Friday, March 30, 2012

What's It All About, Alphie?


What’s It All About, Alphie?
P. Schultz
March 30, 2012

            I have been bothered by the question: Why can’t Obama [and others] see that it is time to get out of Afghanistan? Answer: Because it isn’t about Afghanistan. Similarly, it was obvious that the Bush Administration changed its rationale for invading and occupying Iraq rather shamelessly. Why or how could it do this? Well, because that invasion and occupation was not about Iraq. And going back to an earlier time, why didn’t LBJ [and others] pull out of Vietnam when they knew “defeat” was almost guaranteed? Because it was not about Vietnam.[1] Nor was it about “winning” in Vietnam, just as it was not about “winning” in Iraq and is not about “winning” in Afghanistan.

            It is often said, and I have often said, that Bush was playing “hardball” in Iraq as he and his cohorts were trying to remake the Middle East, to create a “new order” there, one that would be “democratic” and Israel friendly. Well, now I think this is about half right. Bush was trying to create “a new order” only that “new order” was not to be located in Iraq but here in the United States. And this was and is what the “war on terror” is all about as well. It is said, often, that war cannot be waged on a “strategy” like “terrorism” and, once said, this is so obvious as to be undeniable. Why does it not deter our policy makers? Because the war on terror is not a war on terror but rather is a war directed at us. Bush and his cohorts, and even the Democrats, used the war on terror and the alleged “existential” threat of terrorism to try to remake our own political order, to impose on us policies that could never gain the acceptance of the American people except as responses to this “existential threat.” This is what our politicians do all the time: They create situations, presented to us as “crises” that have arisen over the course of time and despite efforts to deflect them, which call for certain measures which under any other circumstances would be rejected outright by the American people.

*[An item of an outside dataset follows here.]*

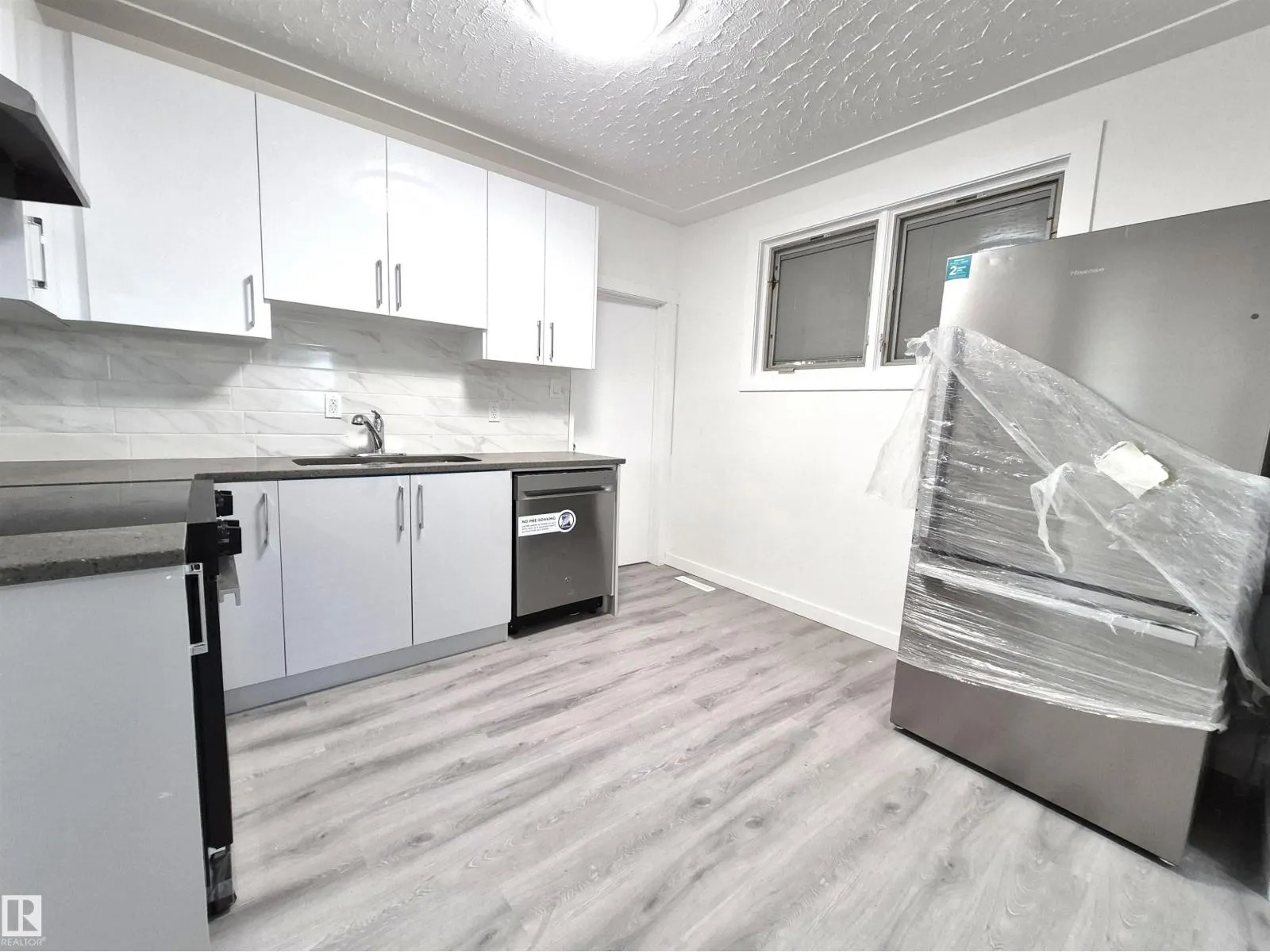 11240 94 ST NW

[1] That the Vietnam War was not about Vietnam is supported by the phrase “the Vietnam syndrome,” which President Bush I said had been dealt with by Desert Storm. Obviously, this “syndrome” did not have anything to do with Vietnam but had everything to do with the American people. Our “defeat” in Vietnam was not all that important to our politicians, Republican or Democrat. What mattered was that the American people (a) resisted the “government” and rejected its war and (b) threatened to reject the “activist, interventionist foreign policy” that underlay the power of our “power elite,” whom we the people needed to wield power to live safely in this dangerous world. People constantly say that LBJ had to let the generals fight in Vietnam in order to get his “Great Society” without realizing that (a) the generals were not all than enthused by a land war in Asia and (b) that the war was part and parcel of the “Great Society,” just as WWII was part and parcel of FDR’s New Deal.